== Exercise brief ==
Would you return the lines between the one holding "2PCS Turn Signal" and the one holding "Musterbild des Fußballmotivs", inclusive, and only those, exactly as they stand in the listing below?

== Record excerpts ==
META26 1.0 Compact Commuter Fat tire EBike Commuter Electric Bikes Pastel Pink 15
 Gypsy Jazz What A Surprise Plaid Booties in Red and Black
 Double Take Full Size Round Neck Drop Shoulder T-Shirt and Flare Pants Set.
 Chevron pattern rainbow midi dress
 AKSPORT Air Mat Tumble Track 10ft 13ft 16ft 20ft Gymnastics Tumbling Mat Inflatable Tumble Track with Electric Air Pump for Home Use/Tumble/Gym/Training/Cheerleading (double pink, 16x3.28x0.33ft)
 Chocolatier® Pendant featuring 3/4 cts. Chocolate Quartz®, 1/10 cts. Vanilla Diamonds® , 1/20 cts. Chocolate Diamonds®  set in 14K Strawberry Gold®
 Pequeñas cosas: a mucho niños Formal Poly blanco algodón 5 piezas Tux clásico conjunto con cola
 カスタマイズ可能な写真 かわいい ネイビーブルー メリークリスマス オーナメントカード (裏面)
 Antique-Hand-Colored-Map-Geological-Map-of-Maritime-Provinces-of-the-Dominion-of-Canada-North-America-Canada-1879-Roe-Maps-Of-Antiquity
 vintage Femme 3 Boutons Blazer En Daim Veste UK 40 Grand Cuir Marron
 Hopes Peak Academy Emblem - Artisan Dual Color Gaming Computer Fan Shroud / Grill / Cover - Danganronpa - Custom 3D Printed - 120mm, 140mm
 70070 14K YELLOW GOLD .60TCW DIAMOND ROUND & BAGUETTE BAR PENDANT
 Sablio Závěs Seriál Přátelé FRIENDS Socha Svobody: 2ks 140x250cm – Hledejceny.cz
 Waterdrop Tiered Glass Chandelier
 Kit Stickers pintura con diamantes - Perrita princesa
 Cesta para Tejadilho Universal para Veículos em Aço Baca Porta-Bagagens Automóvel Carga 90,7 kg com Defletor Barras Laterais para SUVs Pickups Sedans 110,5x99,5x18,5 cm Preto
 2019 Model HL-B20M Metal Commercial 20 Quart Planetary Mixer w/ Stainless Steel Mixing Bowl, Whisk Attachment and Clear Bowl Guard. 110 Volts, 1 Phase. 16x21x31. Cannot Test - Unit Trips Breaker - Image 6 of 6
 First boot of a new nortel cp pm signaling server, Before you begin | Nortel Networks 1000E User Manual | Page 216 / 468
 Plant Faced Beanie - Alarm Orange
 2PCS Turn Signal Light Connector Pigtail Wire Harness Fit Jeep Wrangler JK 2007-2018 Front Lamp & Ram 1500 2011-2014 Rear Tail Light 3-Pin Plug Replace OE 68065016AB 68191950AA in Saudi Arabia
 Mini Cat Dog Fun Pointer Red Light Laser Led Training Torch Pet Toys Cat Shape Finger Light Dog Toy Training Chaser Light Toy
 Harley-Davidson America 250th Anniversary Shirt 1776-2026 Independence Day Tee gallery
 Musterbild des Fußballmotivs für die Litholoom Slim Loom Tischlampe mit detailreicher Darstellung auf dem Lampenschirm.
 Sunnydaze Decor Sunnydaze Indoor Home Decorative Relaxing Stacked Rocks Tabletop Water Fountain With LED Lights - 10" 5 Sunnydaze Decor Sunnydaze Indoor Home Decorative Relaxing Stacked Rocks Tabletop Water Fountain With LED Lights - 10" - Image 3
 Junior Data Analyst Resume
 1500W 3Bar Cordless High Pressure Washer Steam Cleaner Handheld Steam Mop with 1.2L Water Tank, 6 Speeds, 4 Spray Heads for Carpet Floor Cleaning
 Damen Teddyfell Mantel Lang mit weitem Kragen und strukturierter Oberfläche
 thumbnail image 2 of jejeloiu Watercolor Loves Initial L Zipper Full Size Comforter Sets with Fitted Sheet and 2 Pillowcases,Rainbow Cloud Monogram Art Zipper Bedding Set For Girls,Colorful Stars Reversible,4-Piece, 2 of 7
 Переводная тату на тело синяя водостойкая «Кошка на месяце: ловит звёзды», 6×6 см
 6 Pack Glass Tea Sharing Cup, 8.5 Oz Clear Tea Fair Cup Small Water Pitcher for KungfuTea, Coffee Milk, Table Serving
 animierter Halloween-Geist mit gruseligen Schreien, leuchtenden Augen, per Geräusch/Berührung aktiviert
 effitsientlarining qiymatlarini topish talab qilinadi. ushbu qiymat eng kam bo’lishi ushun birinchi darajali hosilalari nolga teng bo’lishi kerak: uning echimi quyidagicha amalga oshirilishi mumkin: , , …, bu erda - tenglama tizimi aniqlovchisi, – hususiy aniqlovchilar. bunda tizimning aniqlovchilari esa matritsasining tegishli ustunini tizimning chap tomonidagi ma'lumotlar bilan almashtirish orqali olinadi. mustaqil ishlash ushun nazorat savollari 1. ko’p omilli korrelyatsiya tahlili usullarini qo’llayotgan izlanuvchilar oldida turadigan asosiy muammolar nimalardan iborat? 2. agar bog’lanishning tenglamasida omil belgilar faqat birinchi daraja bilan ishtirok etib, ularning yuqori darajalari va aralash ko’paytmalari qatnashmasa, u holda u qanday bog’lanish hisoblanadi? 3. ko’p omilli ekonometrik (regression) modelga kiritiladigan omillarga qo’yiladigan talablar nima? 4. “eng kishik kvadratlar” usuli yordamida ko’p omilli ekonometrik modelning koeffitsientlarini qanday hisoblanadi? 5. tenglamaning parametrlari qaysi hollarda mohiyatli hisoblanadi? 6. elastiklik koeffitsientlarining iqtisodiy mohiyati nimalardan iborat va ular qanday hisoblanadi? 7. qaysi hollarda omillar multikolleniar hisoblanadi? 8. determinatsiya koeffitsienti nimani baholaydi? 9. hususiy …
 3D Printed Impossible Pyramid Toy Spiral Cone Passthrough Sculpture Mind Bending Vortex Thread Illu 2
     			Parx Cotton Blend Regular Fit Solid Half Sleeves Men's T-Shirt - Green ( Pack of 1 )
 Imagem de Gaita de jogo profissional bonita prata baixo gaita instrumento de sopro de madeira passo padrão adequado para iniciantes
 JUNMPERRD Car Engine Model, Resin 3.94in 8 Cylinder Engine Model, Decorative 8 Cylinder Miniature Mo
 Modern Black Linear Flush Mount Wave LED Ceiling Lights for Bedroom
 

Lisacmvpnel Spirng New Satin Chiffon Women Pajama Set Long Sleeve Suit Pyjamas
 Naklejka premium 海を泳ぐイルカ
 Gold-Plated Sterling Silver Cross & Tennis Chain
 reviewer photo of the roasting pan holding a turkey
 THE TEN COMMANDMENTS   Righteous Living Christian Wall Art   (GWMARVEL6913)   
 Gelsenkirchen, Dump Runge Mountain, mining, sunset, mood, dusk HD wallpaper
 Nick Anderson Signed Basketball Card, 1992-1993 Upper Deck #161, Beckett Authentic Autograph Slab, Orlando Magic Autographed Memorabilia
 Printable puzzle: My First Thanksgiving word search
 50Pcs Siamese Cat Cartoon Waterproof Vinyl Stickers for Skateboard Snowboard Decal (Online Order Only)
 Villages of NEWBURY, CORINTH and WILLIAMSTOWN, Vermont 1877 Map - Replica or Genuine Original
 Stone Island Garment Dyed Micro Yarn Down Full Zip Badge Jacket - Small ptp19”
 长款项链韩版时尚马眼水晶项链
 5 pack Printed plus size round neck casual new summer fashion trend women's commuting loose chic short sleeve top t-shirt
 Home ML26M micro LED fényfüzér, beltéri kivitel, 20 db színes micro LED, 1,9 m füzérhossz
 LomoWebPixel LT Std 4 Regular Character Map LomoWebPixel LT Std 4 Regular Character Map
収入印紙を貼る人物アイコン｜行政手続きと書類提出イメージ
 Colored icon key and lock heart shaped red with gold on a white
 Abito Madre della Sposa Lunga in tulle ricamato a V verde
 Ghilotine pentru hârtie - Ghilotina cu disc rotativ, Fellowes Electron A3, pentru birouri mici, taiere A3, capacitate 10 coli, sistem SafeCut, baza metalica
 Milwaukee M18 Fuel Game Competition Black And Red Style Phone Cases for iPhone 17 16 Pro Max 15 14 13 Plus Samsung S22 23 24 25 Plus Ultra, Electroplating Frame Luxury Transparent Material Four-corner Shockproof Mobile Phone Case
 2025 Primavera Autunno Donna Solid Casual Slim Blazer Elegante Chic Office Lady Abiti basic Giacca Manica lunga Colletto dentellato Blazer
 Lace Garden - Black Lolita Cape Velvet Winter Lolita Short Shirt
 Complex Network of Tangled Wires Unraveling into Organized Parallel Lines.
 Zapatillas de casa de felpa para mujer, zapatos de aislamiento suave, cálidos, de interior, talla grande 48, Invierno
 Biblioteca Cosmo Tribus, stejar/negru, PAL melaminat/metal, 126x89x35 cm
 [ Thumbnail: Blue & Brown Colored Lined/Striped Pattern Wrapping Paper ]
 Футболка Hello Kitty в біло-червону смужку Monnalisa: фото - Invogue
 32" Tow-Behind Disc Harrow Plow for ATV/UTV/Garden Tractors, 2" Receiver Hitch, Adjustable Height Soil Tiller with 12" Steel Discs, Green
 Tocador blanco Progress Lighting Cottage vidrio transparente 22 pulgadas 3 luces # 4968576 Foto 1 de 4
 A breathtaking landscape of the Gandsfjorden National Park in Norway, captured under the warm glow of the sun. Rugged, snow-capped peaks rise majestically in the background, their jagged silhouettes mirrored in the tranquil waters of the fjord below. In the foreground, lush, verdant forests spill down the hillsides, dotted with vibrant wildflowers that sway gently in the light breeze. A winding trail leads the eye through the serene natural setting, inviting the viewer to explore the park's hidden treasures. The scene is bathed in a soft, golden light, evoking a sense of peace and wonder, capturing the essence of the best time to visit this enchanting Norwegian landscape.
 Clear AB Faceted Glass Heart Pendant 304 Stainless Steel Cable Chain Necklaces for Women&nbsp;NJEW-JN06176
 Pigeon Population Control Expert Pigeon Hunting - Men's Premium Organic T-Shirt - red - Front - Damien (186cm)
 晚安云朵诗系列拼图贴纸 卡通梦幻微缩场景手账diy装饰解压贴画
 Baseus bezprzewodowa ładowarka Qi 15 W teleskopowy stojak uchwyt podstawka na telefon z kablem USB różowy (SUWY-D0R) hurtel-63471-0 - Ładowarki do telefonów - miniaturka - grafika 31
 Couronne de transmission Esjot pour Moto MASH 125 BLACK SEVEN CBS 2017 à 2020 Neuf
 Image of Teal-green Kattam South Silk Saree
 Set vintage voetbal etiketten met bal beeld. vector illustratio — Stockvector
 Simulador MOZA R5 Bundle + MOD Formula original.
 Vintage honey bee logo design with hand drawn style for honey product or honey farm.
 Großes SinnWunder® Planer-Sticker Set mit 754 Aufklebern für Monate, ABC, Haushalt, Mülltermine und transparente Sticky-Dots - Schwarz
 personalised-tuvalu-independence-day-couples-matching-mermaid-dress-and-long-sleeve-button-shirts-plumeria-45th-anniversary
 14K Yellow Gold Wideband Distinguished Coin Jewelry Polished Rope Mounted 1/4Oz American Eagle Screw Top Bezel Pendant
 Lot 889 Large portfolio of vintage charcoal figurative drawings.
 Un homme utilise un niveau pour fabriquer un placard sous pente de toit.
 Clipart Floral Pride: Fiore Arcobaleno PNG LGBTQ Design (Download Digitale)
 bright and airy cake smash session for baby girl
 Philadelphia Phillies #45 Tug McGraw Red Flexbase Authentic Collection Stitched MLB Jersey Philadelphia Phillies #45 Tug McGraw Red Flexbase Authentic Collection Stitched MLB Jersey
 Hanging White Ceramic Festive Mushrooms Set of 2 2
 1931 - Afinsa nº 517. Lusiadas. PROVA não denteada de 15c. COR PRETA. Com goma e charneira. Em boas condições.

== Completed exercise ==
 2PCS Turn Signal Light Connector Pigtail Wire Harness Fit Jeep Wrangler JK 2007-2018 Front Lamp & Ram 1500 2011-2014 Rear Tail Light 3-Pin Plug Replace OE 68065016AB 68191950AA in Saudi Arabia
 Mini Cat Dog Fun Pointer Red Light Laser Led Training Torch Pet Toys Cat Shape Finger Light Dog Toy Training Chaser Light Toy
 Harley-Davidson America 250th Anniversary Shirt 1776-2026 Independence Day Tee gallery
 Musterbild des Fußballmotivs für die Litholoom Slim Loom Tischlampe mit detailreicher Darstellung auf dem Lampenschirm.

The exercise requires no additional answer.